With Clang 7, AVX2 enabled:

transform4(float __vector(4)*, float*):                 # @transform4(float __vector(4)*, float*)
    vbroadcastss    xmm0, dword ptr [rsi]
    vbroadcastss    xmm1, dword ptr [rsi + 4]
    vbroadcastss    xmm2, dword ptr [rsi + 8]
    vbroadcastss    xmm3, dword ptr [rsi + 12]
    vmulps  xmm0, xmm0, xmmword ptr [rdi]
    vfmadd231ps     xmm0, xmm1, xmmword ptr [rdi + 16] # xmm0 = (xmm1 * mem) + xmm0
    vfmadd231ps     xmm0, xmm2, xmmword ptr [rdi + 32] # xmm0 = (xmm2 * mem) + xmm0
    vfmadd231ps     xmm0, xmm3, xmmword ptr [rdi + 48] # xmm0 = (xmm3 * mem) + xmm0
    ret

This has a decent throughput, one transform every four cycles in the best case as it is, and better in a loop with the loads from the matrix factored out of the loop (hopefully a compiler can do that but better check the asm to make sure). The FMAs are tied together though (by Clang!), so the latency is not the greatest. Therefore it is best to batch transforms as much as reasonably possible, or otherwise latency could be reduced at the cost of an extra addition (and loss of source-level compatibility for pre-FMA processors)

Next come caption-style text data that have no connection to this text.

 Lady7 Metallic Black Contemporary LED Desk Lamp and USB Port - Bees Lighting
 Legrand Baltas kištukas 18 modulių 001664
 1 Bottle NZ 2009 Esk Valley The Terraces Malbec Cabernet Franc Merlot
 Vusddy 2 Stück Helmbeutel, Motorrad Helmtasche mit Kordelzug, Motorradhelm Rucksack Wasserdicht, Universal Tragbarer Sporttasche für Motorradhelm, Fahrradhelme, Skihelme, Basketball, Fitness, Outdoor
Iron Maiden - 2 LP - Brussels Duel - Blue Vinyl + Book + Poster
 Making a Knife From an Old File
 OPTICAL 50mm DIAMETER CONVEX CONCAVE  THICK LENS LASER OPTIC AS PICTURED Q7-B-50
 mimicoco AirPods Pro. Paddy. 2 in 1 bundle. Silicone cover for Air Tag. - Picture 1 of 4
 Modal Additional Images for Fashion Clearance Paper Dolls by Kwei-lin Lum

__m128 transform4(__m128* mat4, float *vec4) {
    __m128 x = _mm_set1_ps(vec4[0]);
    __m128 y = _mm_set1_ps(vec4[1]);
    __m128 z = _mm_set1_ps(vec4[2]);
    __m128 w = _mm_set1_ps(vec4[3]);

    __m128 p1 = _mm_mul_ps(x, mat4[0]);
    __m128 p2 = _mm_fmadd_ps(y, mat4[1], p1);
    __m128 p3 = _mm_mul_ps(z, mat4[2]);
    __m128 p4 = _mm_fmadd_ps(w, mat4[3], p3);

    return _mm_add_ps(p2, p4);
}

These approaches don't scale well to wider SIMD..

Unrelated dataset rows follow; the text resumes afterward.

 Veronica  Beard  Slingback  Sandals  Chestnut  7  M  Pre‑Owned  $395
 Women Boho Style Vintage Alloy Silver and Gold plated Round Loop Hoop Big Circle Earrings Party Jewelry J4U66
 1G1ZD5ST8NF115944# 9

With 8 SoA vectors to work with though, we can switch to broadcasting the matrix elements and doing 16 multiplications, which halves the number arithmetic instructions per transform. Since the matrix is being broadcasted from, its format is now free to choose, while this time the vector format is constrained. For example (not tested):

void transformBatch8(float *mat4, float *v) {
    __m256 m00 = _mm256_set1_ps(mat4[0]);
    __m256 m01 = _mm256_set1_ps(mat4[1]);
    __m256 m02 = _mm256_set1_ps(mat4[2]);
    __m256 m03 = _mm256_set1_ps(mat4[3]);
    __m256 m10 = _mm256_set1_ps(mat4[4]);
    __m256 m11 = _mm256_set1_ps(mat4[5]);
    __m256 m12 = _mm256_set1_ps(mat4[6]);
    __m256 m13 = _mm256_set1_ps(mat4[7]);
    __m256 m20 = _mm256_set1_ps(mat4[8]);
    __m256 m21 = _mm256_set1_ps(mat4[9]);
    __m256 m22 = _mm256_set1_ps(mat4[10]);
    __m256 m23 = _mm256_set1_ps(mat4[11]);
    __m256 m30 = _mm256_set1_ps(mat4[12]);
    __m256 m31 = _mm256_set1_ps(mat4[13]);
    __m256 m32 = _mm256_set1_ps(mat4[14]);
    __m256 m33 = _mm256_set1_ps(mat4[15]);
    __m256 x = _mm256_load_ps(v);
    __m256 y = _mm256_load_ps(v + 8);
    __m256 z = _mm256_load_ps(v + 16);
    __m256 w = _mm256_load_ps(v + 24);
    __m256 rx = _mm256_fmadd_ps(_mm256_fmadd_ps(_mm256_fmadd_ps(_mm256_mul_ps(m00, x), m01, y), m02, z), m03, w);
    __m256 ry = _mm256_fmadd_ps(_mm256_fmadd_ps(_mm256_fmadd_ps(_mm256_mul_ps(m10, x), m11, y), m12, z), m13, w);
    __m256 rz = _mm256_fmadd_ps(_mm256_fmadd_ps(_mm256_fmadd_ps(_mm256_mul_ps(m20, x), m21, y), m22, z), m23, w);
    __m256 rw = _mm256_fmadd_ps(_mm256_fmadd_ps(_mm256_fmadd_ps(_mm256_mul_ps(m30, x), m31, y), m32, z), m33, w);
    _mm256_store_ps(v, rx);
    _mm256_store_ps(v + 8, ry);
    _mm256_store_ps(v + 16, rz);
    _mm256_store_ps(v + 24, rw);
}

Based on the cost of 20 loads, it takes at least 10 cycles per 8 transforms this way. Putting this in a loop and factoring out some loads would help, not all loads need to be factored out (and pre-AVX512 they cannot be, there are not enough registers), at least 4 so that the total number of loads per batch of 8 transforms goes down to 16, bringing down the minimum time down to 8 cycles per 8 transforms (in practice it often helps to reduce loads even further, but only to get closer to that bound of 8 cycles per 8 transforms because the FMAs alone already enforce that lower limit).